Tapi bagi Wawan, upaya mempertahankan perkawinannya dengan Dedeh sudah berjalan sejak lama. Hanya saja upaya itu selalu kandas di tengah jalan. Jadi, kata Wawan, masalah rumahtangganya ini tidak ada urusan dengan pilkada. "Ini menyangkut harga diri saya sebagai seorang suami yang mempertahan keluarga," tegas Wawan.
Di lain pihak, Ketua Panitera Pengadilan Agama Sukabumi Mahbub mengatakan, jika sesuai prosedur yang berlaku, pernikahan yang dilakukan oleh Muslikh dengan Dedeh itu tidak sah secara agama dan hukum yang berlaku di negara ini. Jadi bisa dibilang Dedeh telah melakukan poliandri. Karena memiliki dua suami sekaligus.
Memang sebelumnya Dedeh telah melayangkan gugatan cerai kepada suaminya pada 27 Desember 2002 silam. Gugatan itu kemudian dikabulkan oleh ketua majelis hakim yang dipimpin Drs. H. Mukhlis, SH.

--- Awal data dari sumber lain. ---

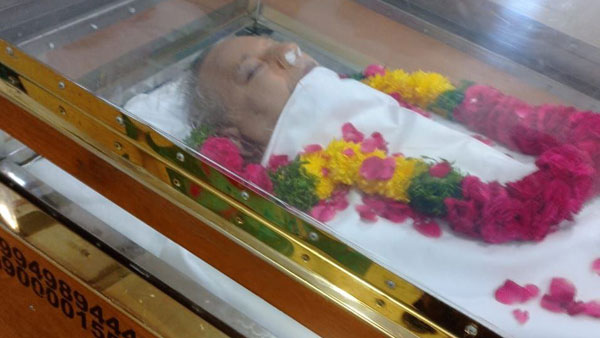 కృష్ణ మరణం.. తీవ్ర విషాదం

Namun Wawan kemudian melakukan perlawanan. Ia keberatan terhadap putusan verstek No 103/Pdt. G/ 2003/ P.A SMI, tanggal 7 Oktober 2003. Keberatan Wawan kemudian dikabulkan majelis hakim dengan nomer putusan perceraian no 103/ Pdt. G/ 2003/P.A SMI.

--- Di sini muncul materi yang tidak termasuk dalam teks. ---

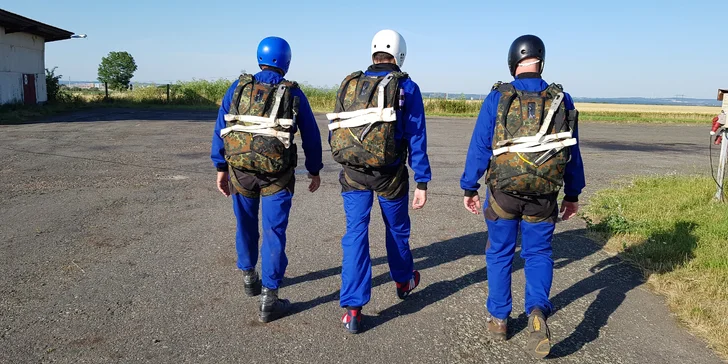 Základní výcvik až se 3 samostatnými seskoky s automatickým otevřením padáku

Otomatis putusan majelis hakim pada sidang sebelumnya menjadi batal dan Dedeh secara sah tetap menjadi istri Wawan. Apalagi, kata Mahbub, setelah putusan yang terakhir, Dedeh tidak melakukan upaya banding. "Sejak keputusan perceraian itu dibatalkan oleh majelis hakim maka Dedeh statusnya masih sah sebagai istri Wawan," kata Drs. Mahbub kepada detikcom.
Kisruh pernikahan "terlarang" Walikota Sukabumi ditanggapi Wakil Ketua DPRD Sukabumi Deden Mukhlisin dari fraksi Partai Keadilan Sejahtera. Ia mengatakan, bila benar Muslikh menikahi isteri orang, berarti walikota telah melakukan perbuatan amoral.
"Saya sangat menyayangkan sekali jika tindakan itu benar dilakukan oleh Pak walikota. Kami akan merasa dibohongi selama ini karena figurnya beliau selama ini tidak pernah tercemar," kata Deden saat dihubungi detikcom.
Deden juga meminta semua pihak yang punya bukti pernikahan antara walikota dengan Dedeh segera melaporkan. Sebab kalau menikah secara resmi, lanjut Deden, tentu ada penghulu dan saksinya.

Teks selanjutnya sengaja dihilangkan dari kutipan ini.